Queridas
familias:
El domingo
que sigue a la Navidad, celebramos la fiesta de la Sagrada Familia. Recordamos
y celebramos que el Hijo de Dios, al hacerse hombre, quiso nacer y crecer en
una familia, la humilde familia de Nazaret. Contemplamos a ésta, además, en ese
momento, el más entrañable y feliz para cualquier familia, en que es visitada
por el nacimiento del primer hijo.
Con este
motivo, os escribo a las familias. Lo hago al dictado de la emoción y el
cariño, de la gratitud por haber nacido y crecido yo también en una familia,
del deseo de proclamar y reafirmar la dignidad y belleza de la familia.
Dejadme que,
antes de nada, os felicite de todo corazón a quienes tenéis la suerte de vivir
la experiencia de una vida familiar gozosa. ¡Dichosos quienes, un día, os
comprometisteis a vivir un compromiso de amor definitivo y lo seguís
manteniendo contra viento y marea! Se ha dicho que no es verdadero amante el
que no está dispuesto a amar para siempre. El amor es simultáneamente don de
Dios y tarea nuestra cotidiana.
En los tiempos
que corren, cuando me encuentro con familias que viven con tanta sencillez como
hondura su condición, me parece un pequeño milagro de la gracia de Dios. Ahí
florecen contra viento y marea aquellos valores que no pueden comprarse con
dinero: el amor, la gratuidad, el compartir, el perdón, la fidelidad sin
límites. Son valores amenazados por el mundo implacable de los intereses o por
la superficialidad de unos sentimientos que pueden acabar convirtiendo al otro
en objeto de uso y, a veces, también de abuso. Las familias podéis y debéis ser
la alternativa que saque a esta sociedad nuestra de ese atasco de fracaso y
desaliento en que con frecuencia nos movemos. Hay salidas que, como dice una
experta en estos temas, por solucionar un problema, originan cien.
Que la
familia de Nazaret sea como una inyección de fuerza y de luz, cuando tantos no llegan
a descubrir ni a valorar la razón de ser de la familia, su sentido y su belleza
secreta o manifiesta. Cuántos se quedan en la anécdota de sus limitaciones, en
las dificultades de la convivencia, en sus frecuentes fracasos. Habría que
apelar a la honestidad para que no se utilicen como punto de comparación sólo
los fracasos. El arte se enseña mostrando las obras más logradas.
Tengo sumo
respeto para aquellas rupturas que quizá se hicieron inevitables. Nunca juzgaré
de su desenlace. Pero estoy convencido de que, para desestructurar una
sociedad, nada hay tan directo como desestructurar la familia y vaciar de
contenido los valores hondos que la sustentan y en ella se transmiten.
La familia
es la pieza clave de la estructura social; punto de encuentro, lugar
privilegiado donde el amor germina y crece.

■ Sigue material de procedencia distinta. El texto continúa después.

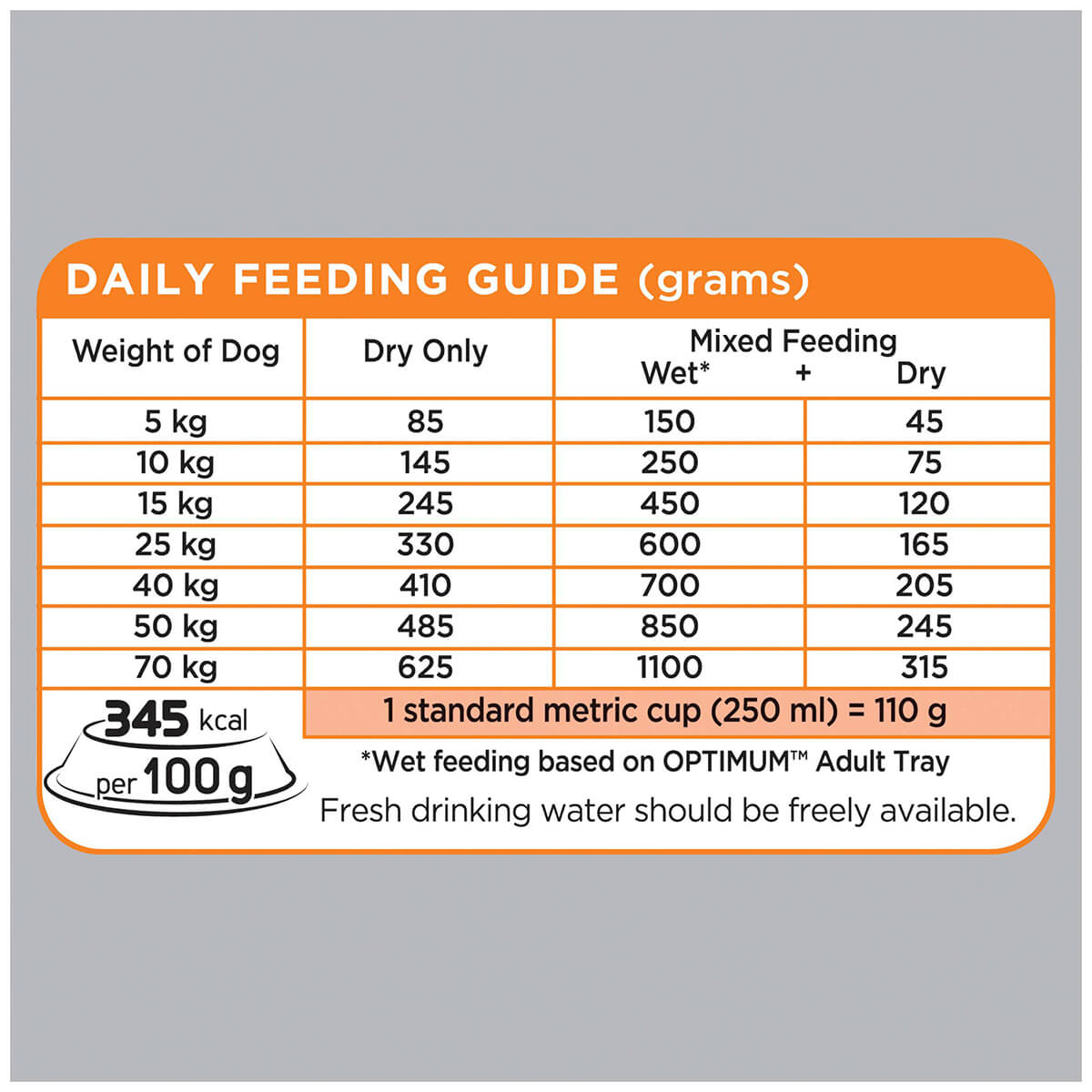 Optimum Grain Free Beef & Vegetables Dry Dog Food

Un niño sin familia, se perdería en
el camino hacia la madurez, el anciano sucumbiría a la soledad; sin la familia
la sociedad se moriría de frío o de sequedad, acabaría ensombrecido el ya
difícil camino de la convivencia.
Desde el
respeto leal a quienes no comparten nuestra fe, doy gracias a Dios hoy porque
sois muchos todavía los que, iluminados los ojos de corazón, habéis descubierto
en la familia una presencia y un sentido más hondo y envolvente: habéis
atisbado un reflejo, un eco, un icono del Dios trino, que en sí mismo es
familia, relación, don, comunión substancial de amor: "A imagen suya los
creó; hombre y mujer los creó", leemos en la Biblia. Habéis descubierto su
carácter de sacramento de gracia: signo visible del amor invisible de Cristo
por la humanidad. Habéis encontrado el cuenco ideal donde acoger el agua de la
Palabra y de la fe y darla a beber a los hijos, el remanso donde uno se siente
amado por sí mismo y, por eso, donde aprende a conocer y amar al Padre Dios y a
los hermanos; el rincón donde la fe se hace fuerte antes de echarse a la vida.
¡Enhorabuena
a todos los que, a semejanza de la familia de Nazaret, padres e hijos, sois o
intentáis ser una comunidad de vida y de amor, que eso es la familia!